As described in detail above, according to the present invention, due to the environment inside and outside the system of the present invention, synchronization may be slightly off, or the same bit pattern as the bit pattern of the synchronized cell may erroneously appear on the data cell. However, out-of-synchronization is determined based on whether or not the header and data portions stored in the memory match the header and data portions of the sequentially transmitted synchronous cells. Therefore, it is possible to reduce erroneous detection, such as when the same bit pattern as a synchronous cell appears on a data cell due to an accidental synchronization shift or a bit error, and this is identified as a synchronous cell. Therefore, the loss of synchronization can be determined without erroneously determining that the state has changed from a synchronized state to an out-of-synchronization state. Also, by varying the interval between synchronized cells,
Even if a synchronized cell happens to appear somewhere, the synchronization shift can be detected accurately.
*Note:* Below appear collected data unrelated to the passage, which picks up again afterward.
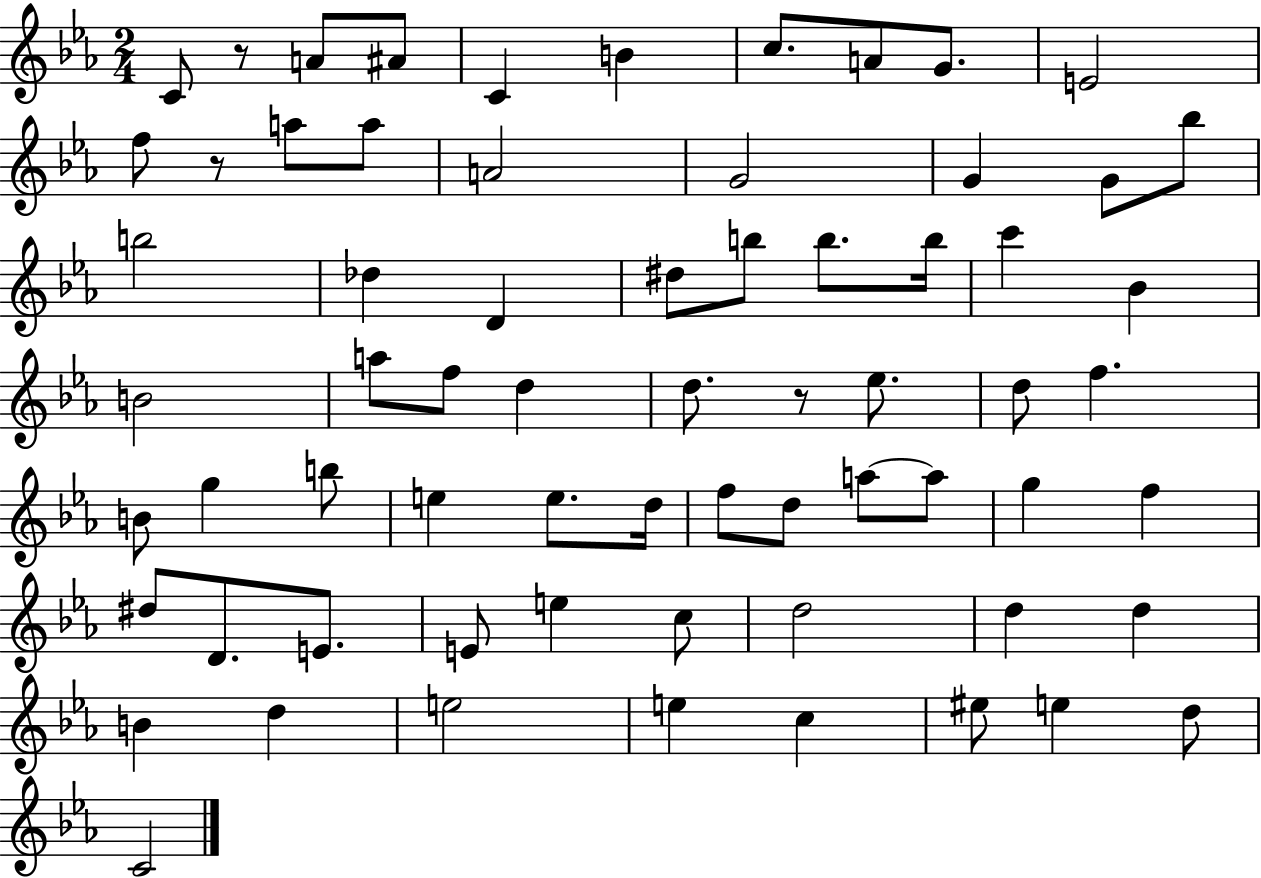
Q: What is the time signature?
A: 2/4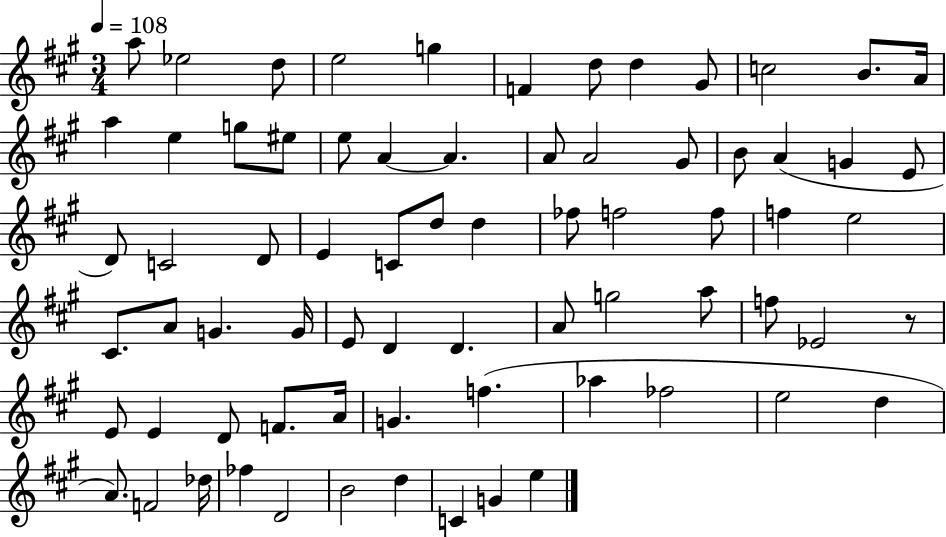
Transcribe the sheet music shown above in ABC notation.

X:1
T:Untitled
M:3/4
L:1/4
K:A
a/2 _e2 d/2 e2 g F d/2 d ^G/2 c2 B/2 A/4 a e g/2 ^e/2 e/2 A A A/2 A2 ^G/2 B/2 A G E/2 D/2 C2 D/2 E C/2 d/2 d _f/2 f2 f/2 f e2 ^C/2 A/2 G G/4 E/2 D D A/2 g2 a/2 f/2 _E2 z/2 E/2 E D/2 F/2 A/4 G f _a _f2 e2 d A/2 F2 _d/4 _f D2 B2 d C G e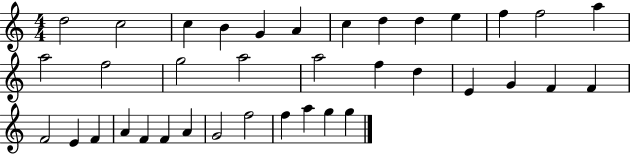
D5/h C5/h C5/q B4/q G4/q A4/q C5/q D5/q D5/q E5/q F5/q F5/h A5/q A5/h F5/h G5/h A5/h A5/h F5/q D5/q E4/q G4/q F4/q F4/q F4/h E4/q F4/q A4/q F4/q F4/q A4/q G4/h F5/h F5/q A5/q G5/q G5/q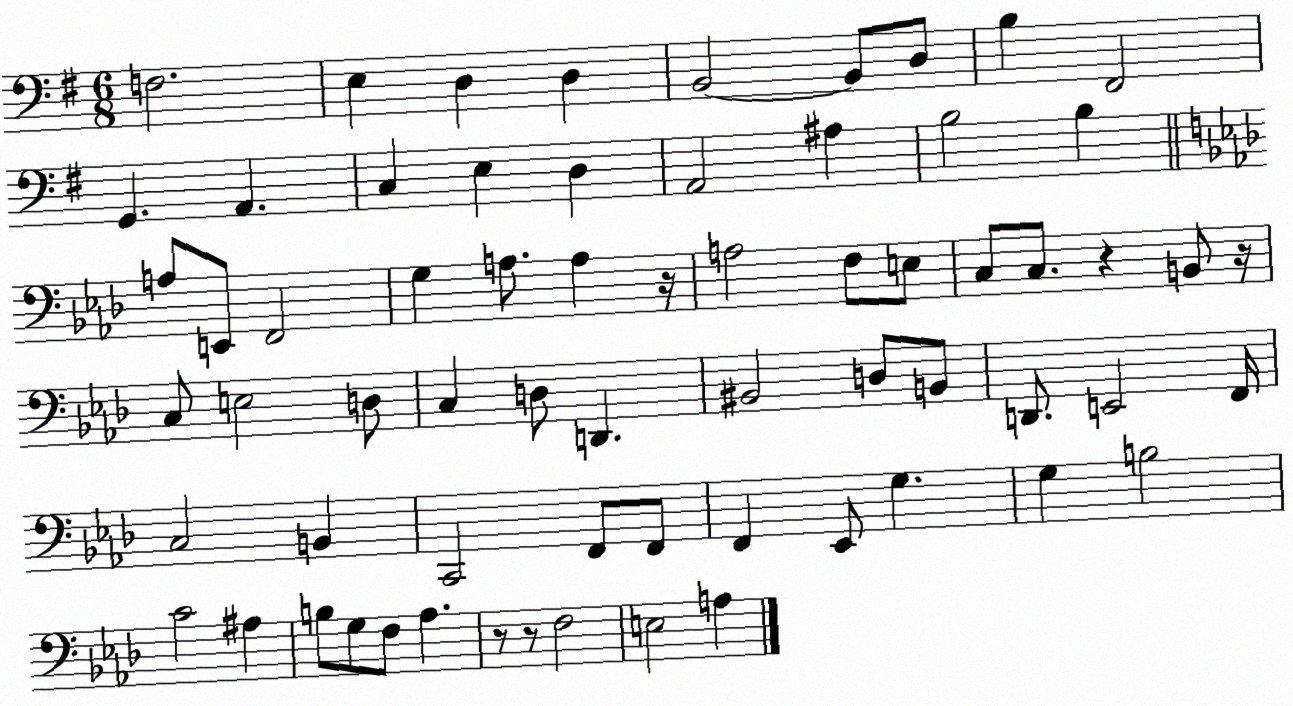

[Brief explanation of the drawing]

FIG. 1 is a diagram showing one embodiment of the present invention, FIG. 2 is a diagram showing another embodiment of the present invention, and FIG. 3 is a diagram showing a conventional example. 3... Synchronous cell forming section 5... Data cell forming section 8... Buffer 9... Header comparing section 10... Data comparing sections 11, 16... Judgment section 12... Control section 4 .13...Clock Figure 1 Agent Patent Attorney Noriyuki Chika Mitsuyuki Matsuyama Figure 3

Claims (1)

[Claims] A data cell forming section that forms a data cell consisting of a header section and a data section, and a synchronization cell consisting of the header section and the data section in which all bits are set to values of the same sign. a transmitting device comprising a synchronous cell forming section for transmitting the synchronized cells, a transmitting section for transmitting the synchronized cells formed by the synchronized cell forming section at regular intervals, and an output of the transmitting section of the transmitting device; In the cell synchronization system, the cell synchronization method includes a receiving device configured to perform frame synchronization by detecting the synchronized cell and performing frame synchronization, wherein the receiving device stores in advance values of the header section and the data section of the synchronized cell. and the values of the header section and the data section of the synchronization cell sent from the transmitting device match the values of the header section and the data section stored in the memory, respectively. and a determining unit that determines that the synchronization is out of synchronization when the header section does not match and the data section matches. Cell missync detection method.